BEGIN Data records

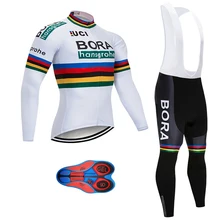 

Broa Men Winter Cycling Clothing Thermal Fleece Long Sleeve For Winter 9D Gel Padded Bib Pants Set Hot Selling MTB Clothes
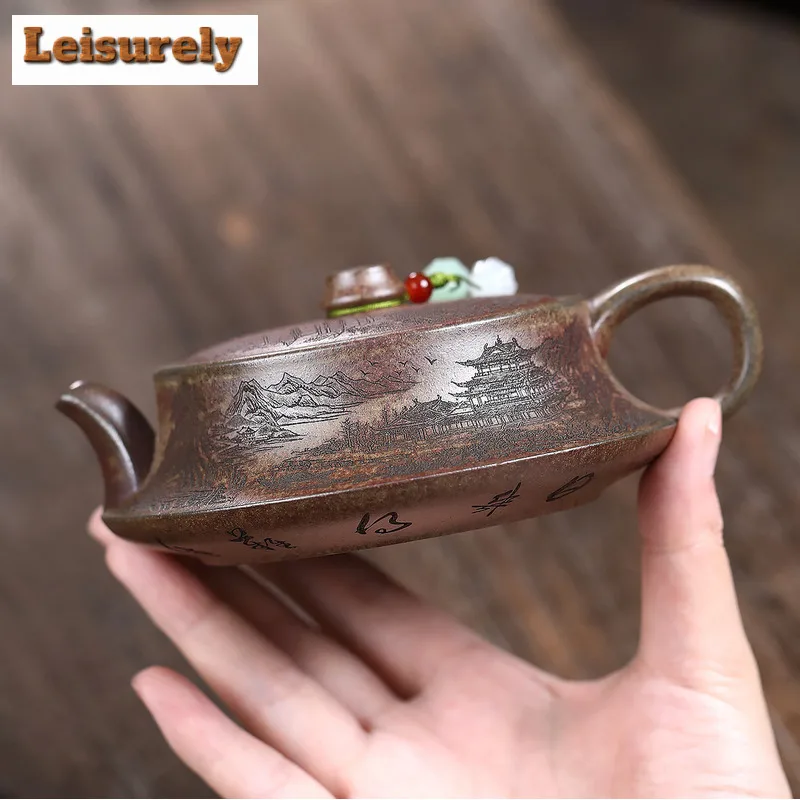 180ml Exquisite Yixing Purple Clay Teapots Handmade Curve Pot Raw Ore Wood-fired Porcelain Mud Kettle Zisha Tea Set Ornaments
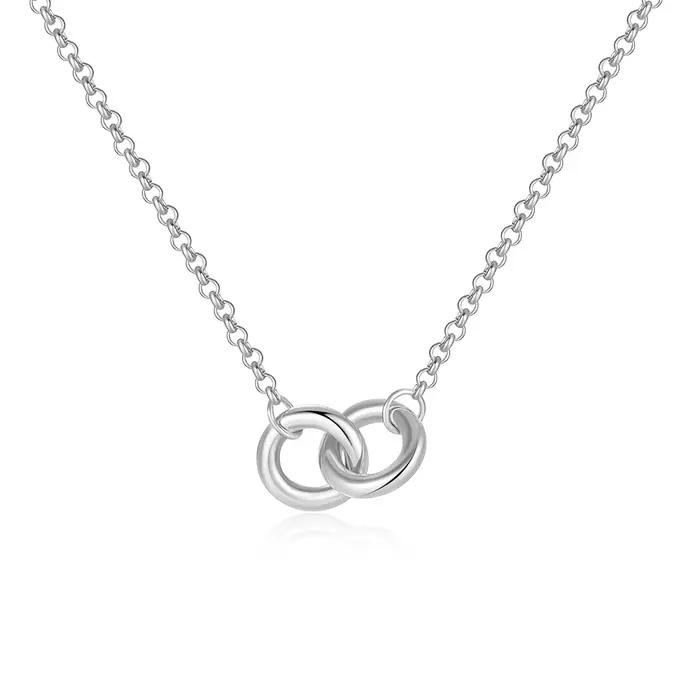 Collier Double Hoop en Argent Sterling 925 pour Femme
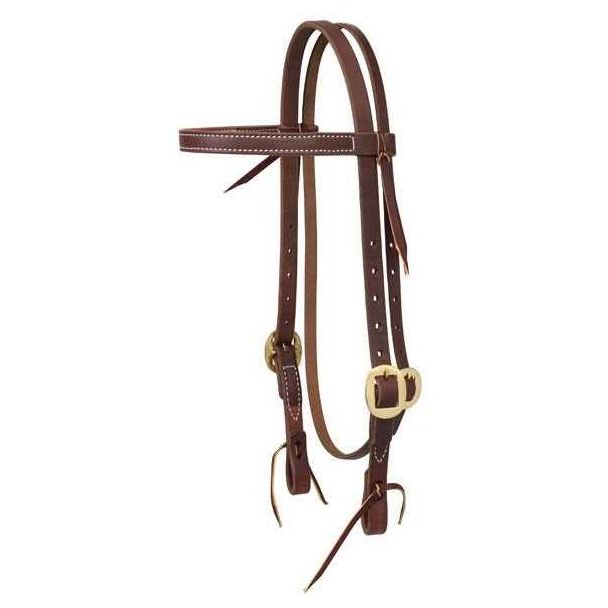 Working Cowboy Economy Browband Headstall, 3/4", Solid Brass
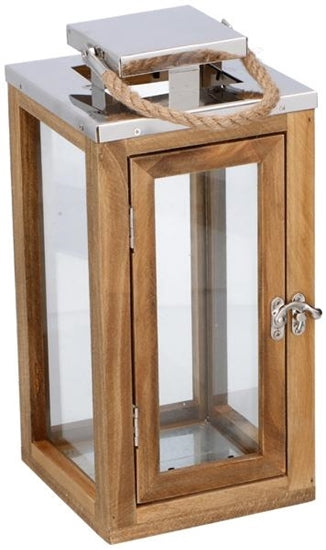LANTERN 14X14X29,5CM WD/SS 24 7,85 ARTI CASA BROWN HTF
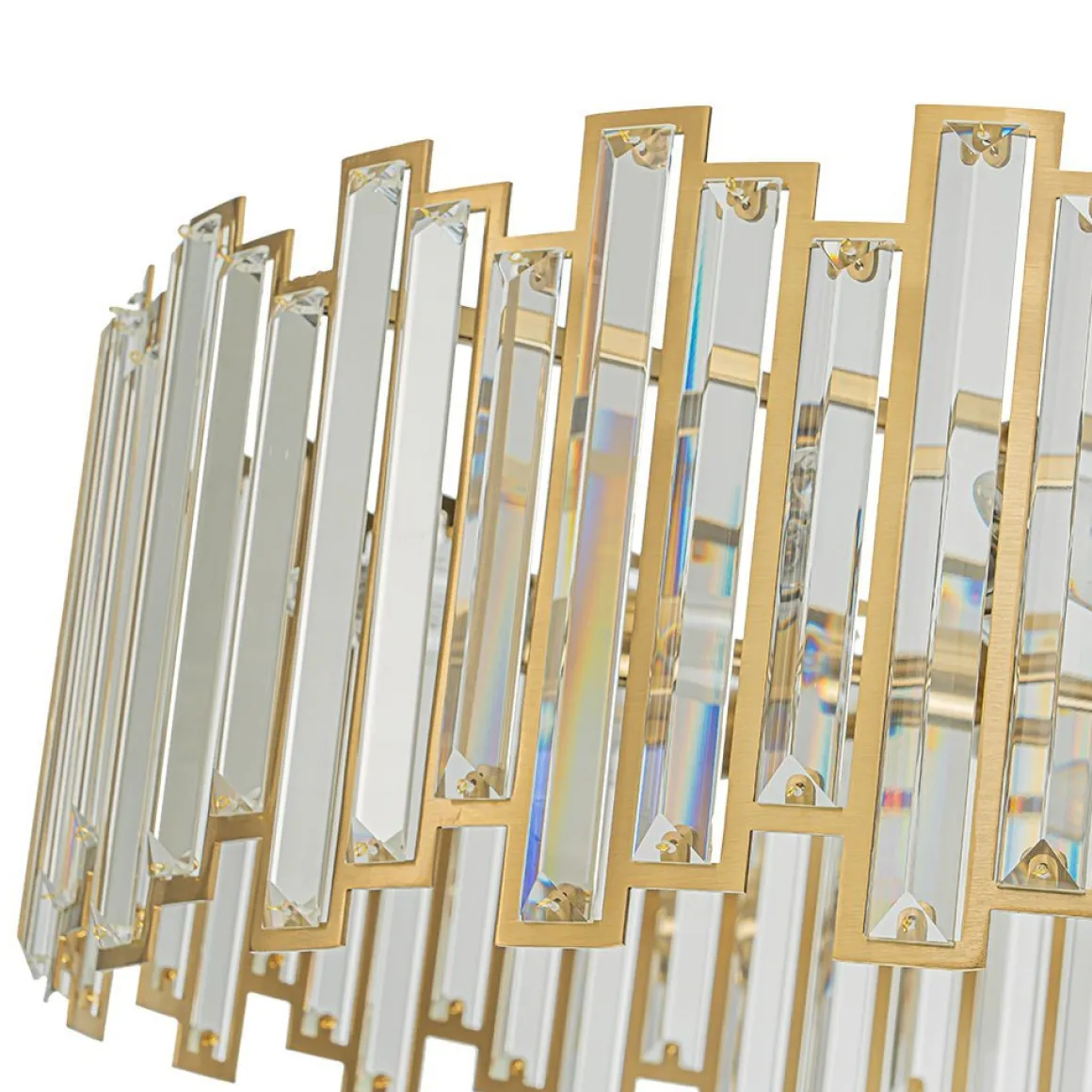 (OpenBox) Modern Glam Brass 6-Light Crystal Drum Cage Chandelier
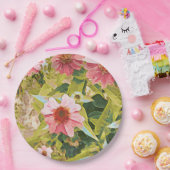 Garden Pink Coneflowers Green Leaves Papieren Bordje (Feest)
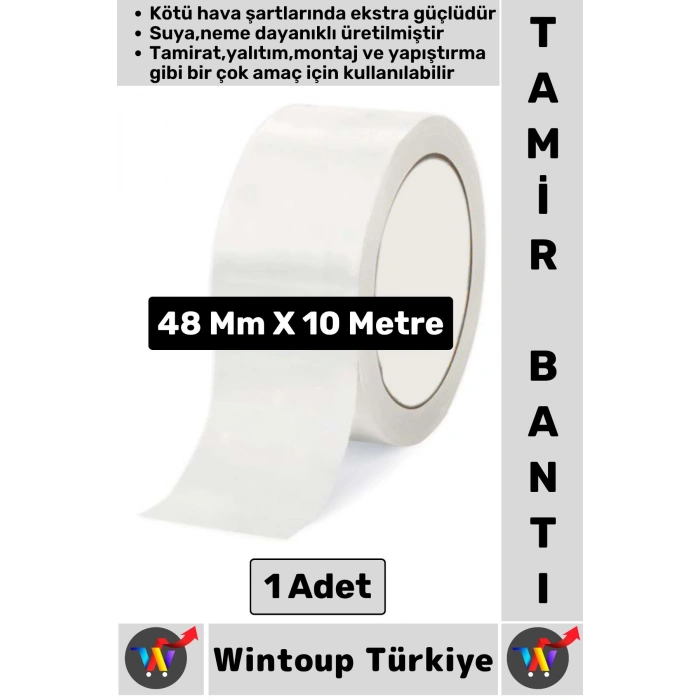 Ultra Güçlü Su Neme Dayanıklı Çok Amaçlı Montaj Onarım İzolasyon Tamir Bantı Beyaz 48 Mm x 10 Metre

END Data records

**What you are asked to do**: Leave out the pictures and output every record above precisely as given.

**Answer below**:
Broa Men Winter Cycling Clothing Thermal Fleece Long Sleeve For Winter 9D Gel Padded Bib Pants Set Hot Selling MTB Clothes
 180ml Exquisite Yixing Purple Clay Teapots Handmade Curve Pot Raw Ore Wood-fired Porcelain Mud Kettle Zisha Tea Set Ornaments
 Collier Double Hoop en Argent Sterling 925 pour Femme
 Working Cowboy Economy Browband Headstall, 3/4", Solid Brass
LANTERN 14X14X29,5CM WD/SS 24 7,85 ARTI CASA BROWN HTF
 (OpenBox) Modern Glam Brass 6-Light Crystal Drum Cage Chandelier
 Garden Pink Coneflowers Green Leaves Papieren Bordje (Feest)
 Ultra Güçlü Su Neme Dayanıklı Çok Amaçlı Montaj Onarım İzolasyon Tamir Bantı Beyaz 48 Mm x 10 Metre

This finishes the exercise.